# What this task involves
Could you transcribe all of the data exactly and skip any pictures?

# Material provided
Content starts

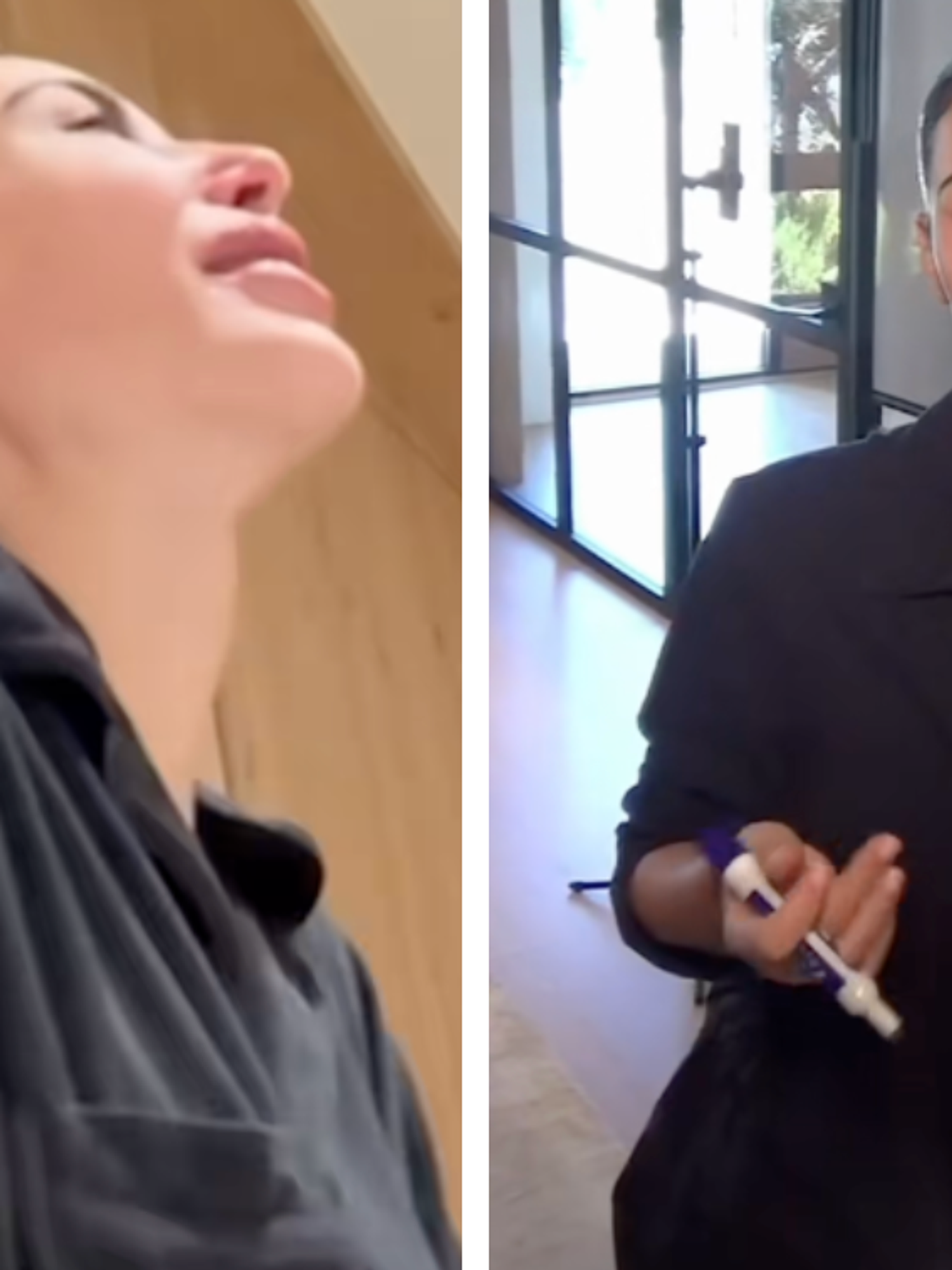 Kim Kardashian shares emotional behind-the-scenes journey as she breaks down in tears after failing bar exam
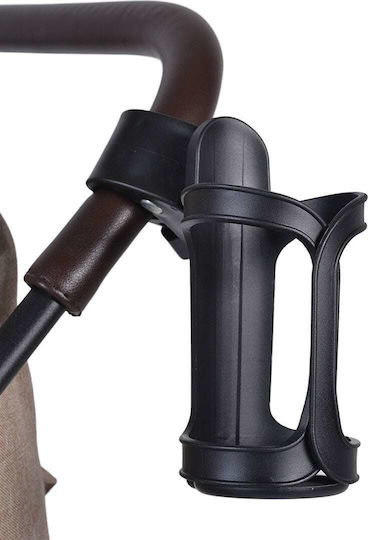 Cangaroo Stroller Cup Holder Black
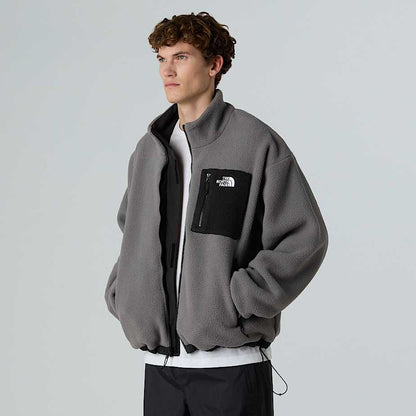 Men's Yumiori Reversible Fleece Jacket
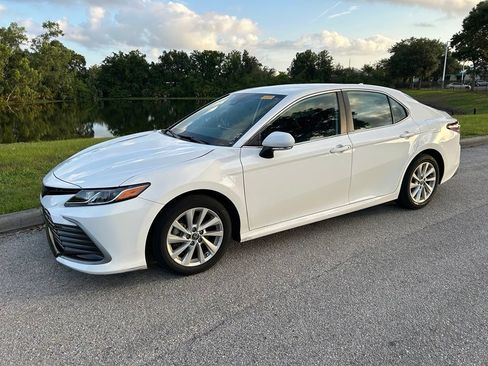 Certified 2024 Toyota Camry LE w/ Convenience Package FWD image 2
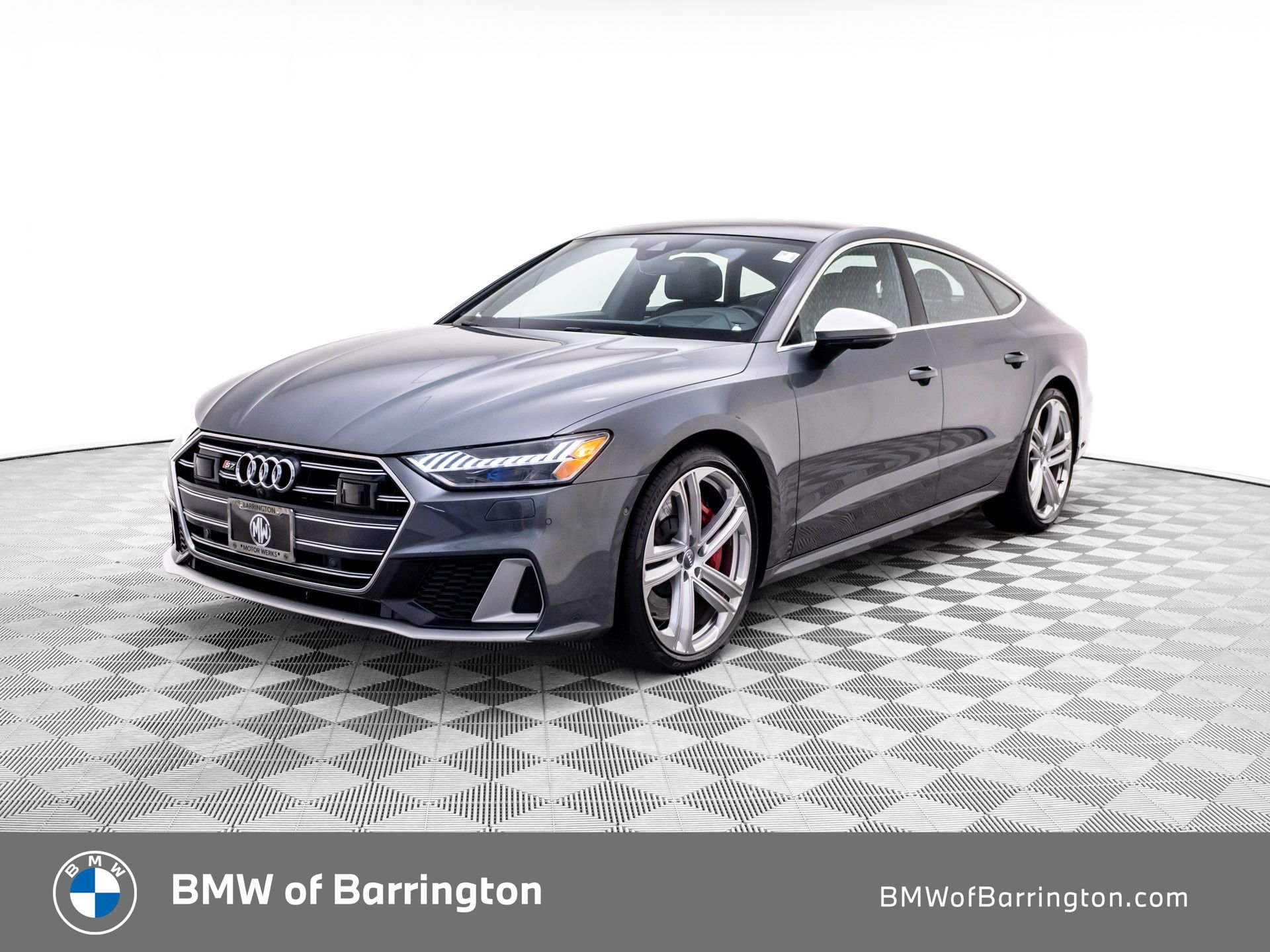 2021 Audi S7 2.9T Prestige Tiptronic quattro's photo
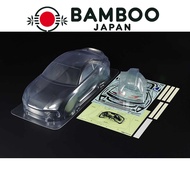 Tamiya RC Spare Parts No. 1677 SP.1677 1/10 RC SUBARU BRZ (ZD8) Spare Body Set 51677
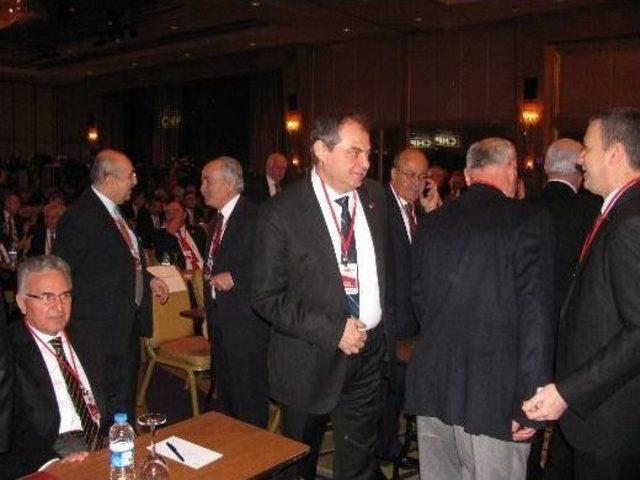 Başkan Dalgı&ccedil; Ankara da Belediye Başkanları Toplantısına Katıldı 1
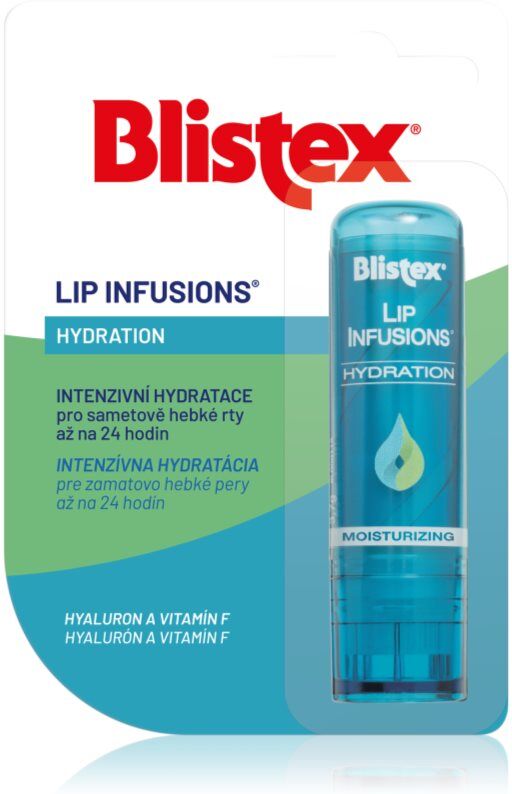 Blistex Lip Infusion moisturising lip balm 3,7 g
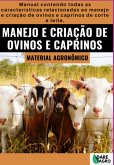 Manejo E Criação De Ovinos E Caprinos (eBook, PDF)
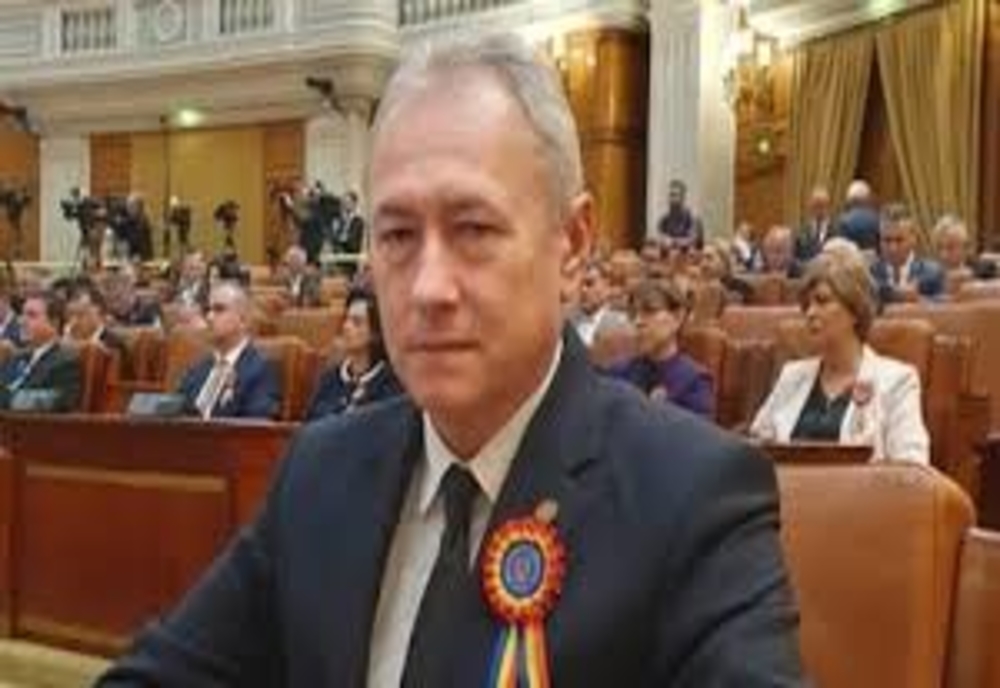 Lucian Heiuș, propus la Ministerul Finanțelor de premierul desemnat Florin Cîțu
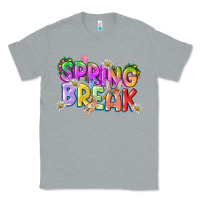 Heather Grey Spring break Easter Day Classic Tee - CowGirlArtShop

Content ends

# Response to this task
 Kim Kardashian shares emotional behind-the-scenes journey as she breaks down in tears after failing bar exam
 Cangaroo Stroller Cup Holder Black
 Men's Yumiori Reversible Fleece Jacket
 Certified 2024 Toyota Camry LE w/ Convenience Package FWD image 2
 2021 Audi S7 2.9T Prestige Tiptronic quattro's photo
 Tamiya RC Spare Parts No. 1677 SP.1677 1/10 RC SUBARU BRZ (ZD8) Spare Body Set 51677
 Başkan Dalgı&ccedil; Ankara da Belediye Başkanları Toplantısına Katıldı 1
 Blistex Lip Infusion moisturising lip balm 3,7 g
 Manejo E Criação De Ovinos E Caprinos (eBook, PDF)
 Lucian Heiuș, propus la Ministerul Finanțelor de premierul desemnat Florin Cîțu
 Heather Grey Spring break Easter Day Classic Tee - CowGirlArtShop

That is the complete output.